Humark's integrity does not rely solely on the honesty of registrants. The platform includes passive forensic systems that detect anomalous registration patterns.
Perceptual Hash (pHash) Analysis
When an asset is registered, Humark generates both a cryptographic hash (SHA-256) and a perceptual fingerprint (pHash). The perceptual hash captures the visual structure of the image in a way that survives minor modifications like compression or resizing. At scale, a registry of millions of pHash values creates a statistical corpus that reveals patterns invisible at the individual level.
AI-Generated Image Signatures
AI-generated images have characteristic frequency distributions at the DCT (Discrete Cosine Transform) level. When the adversarial shield processes an image, it captures the spectral signature of the shielded asset. These signatures differ systematically between organic human-created art and AI-generated outputs.
Temporal Clustering Detection
Mass registrations from a single account, similar perceptual hashes registered in rapid succession, and batch pipeline behavior patterns are automatically flagged for review. A genuine artist registers work sporadically over time. A fraudulent actor running a generation pipeline produces telltale temporal patterns.

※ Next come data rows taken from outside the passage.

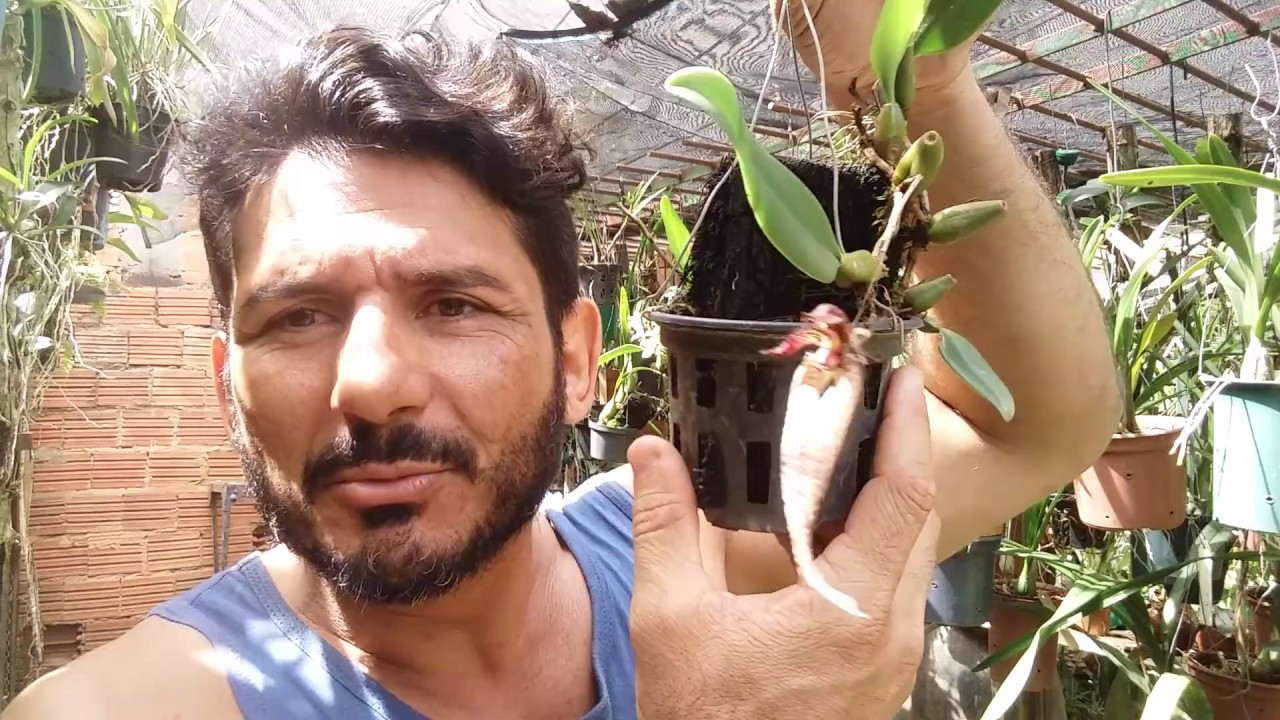 Orquídea Anacheilium aemulum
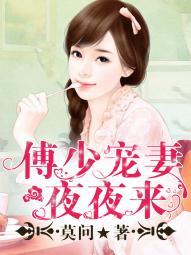 傅少宠妻宠上天hhh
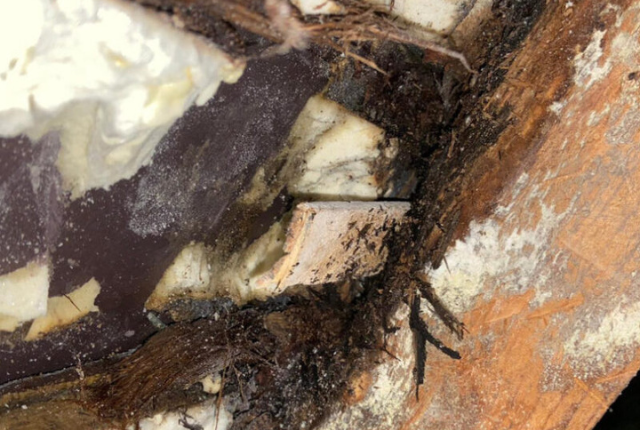 WARNING: Spray foam can lead to refused mortgage applications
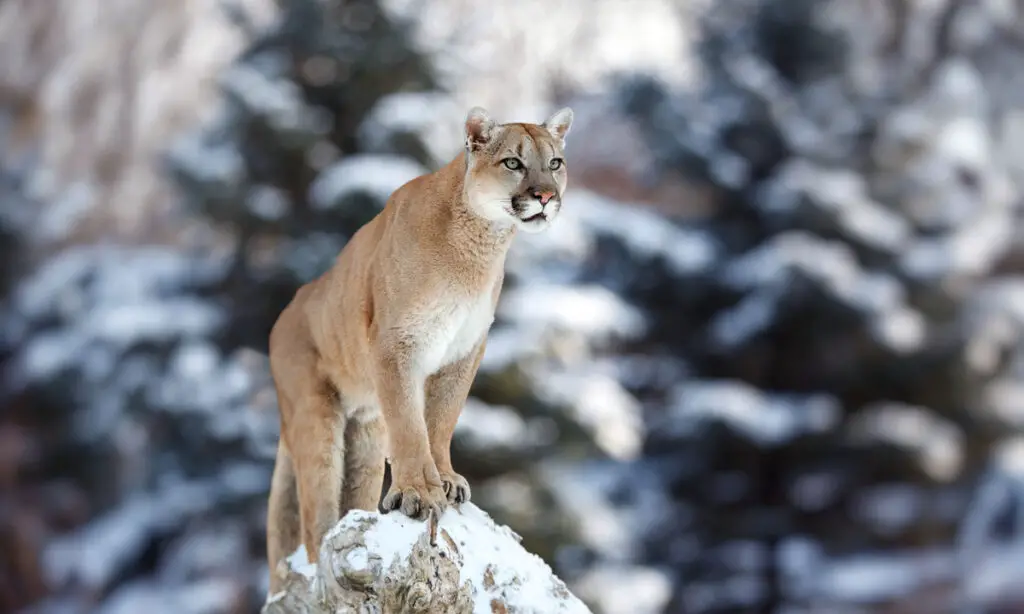 cougar standing on a rock in the snow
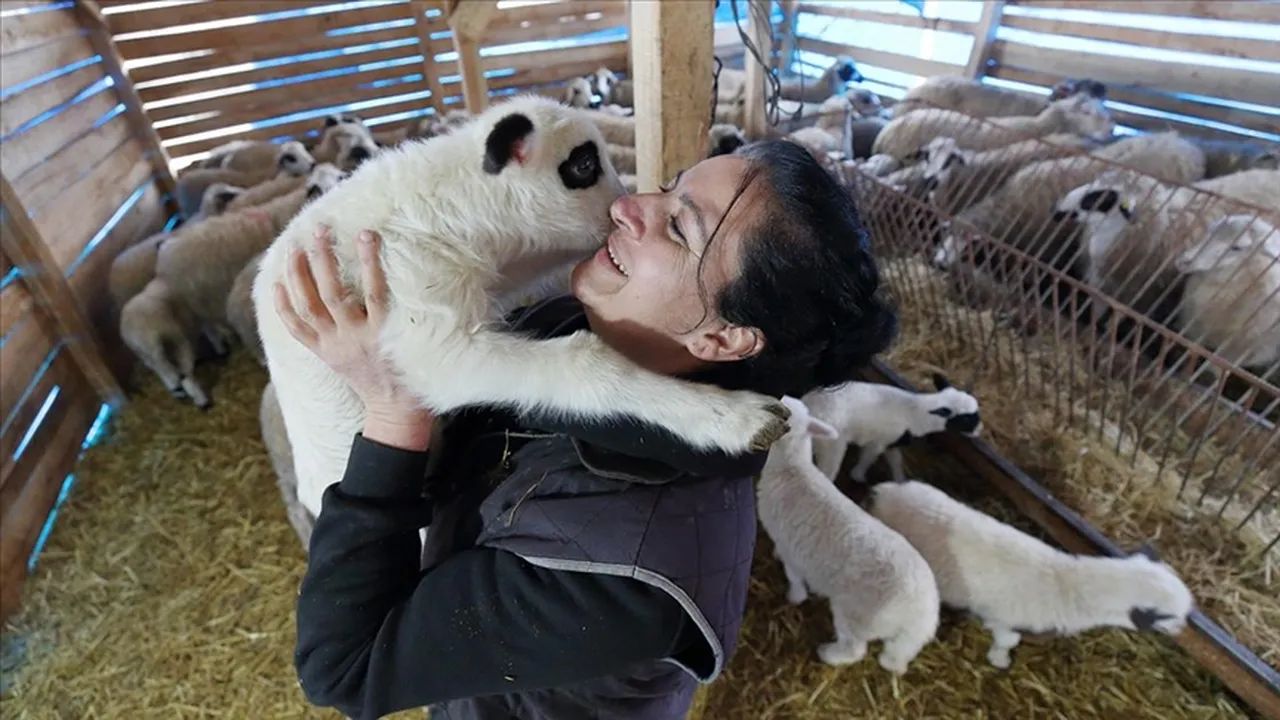 Şehirden köye göç: Sizce hangi çobanın hikâyesi daha güzel?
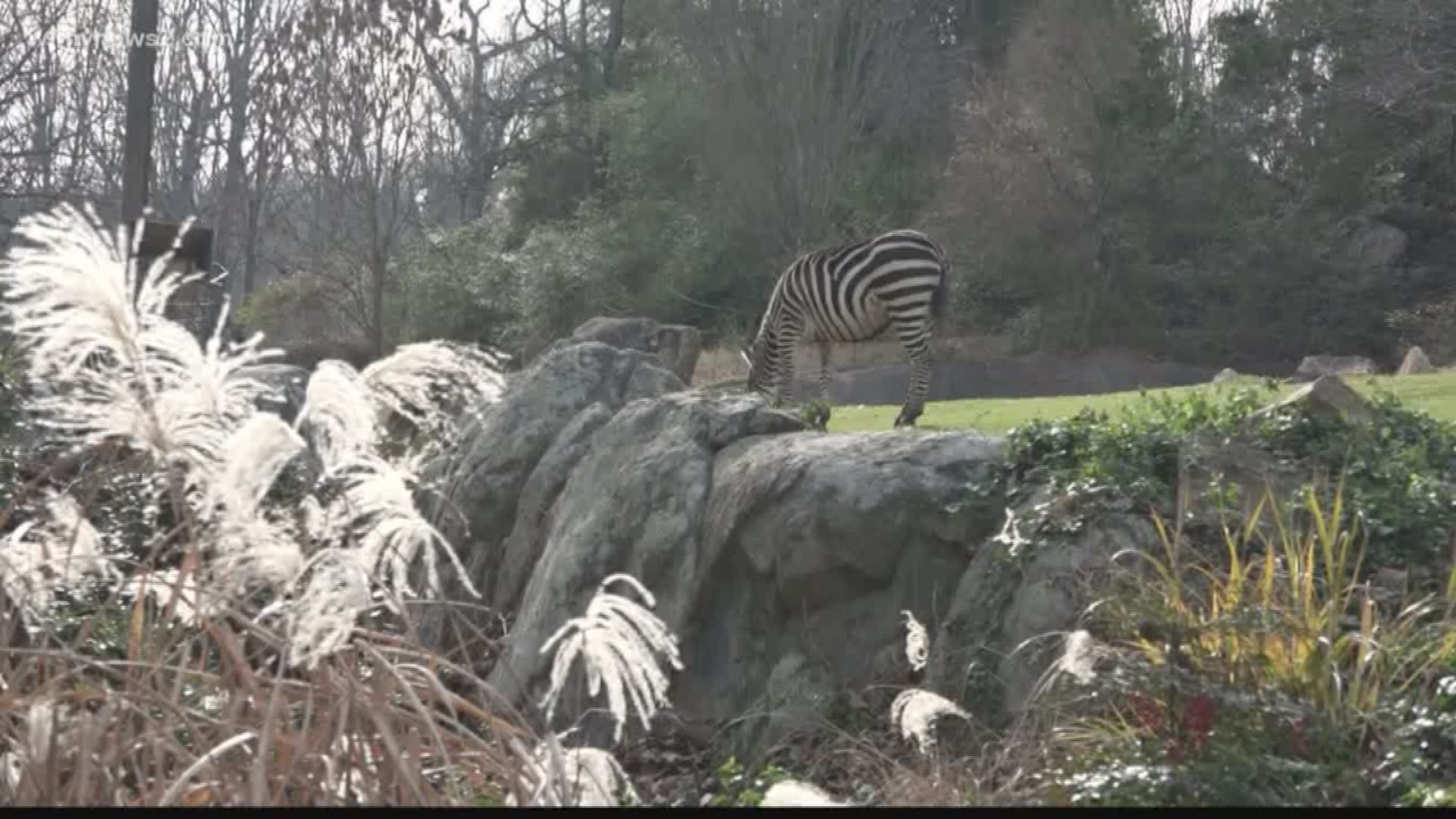 Keeping Animals Warm At North Carolina Zoo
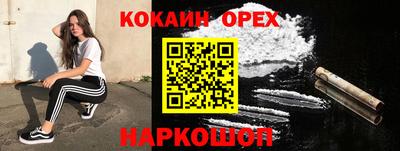 крисы Аргун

AI Provenance Signal (v2 Roadmap)
Future versions of Humark will include a passive AI-origin probability classifier at registration time. This is not a gate. It is a risk signal appended to the manifest (e.g., humark.ai_probability: 0.91). The registry is honest about uncertainty. This is better than binary gating because it is falsifiable and transparent.
These forensic layers work together to create a living, improving system, not a static gate that can be bypassed once and forgotten.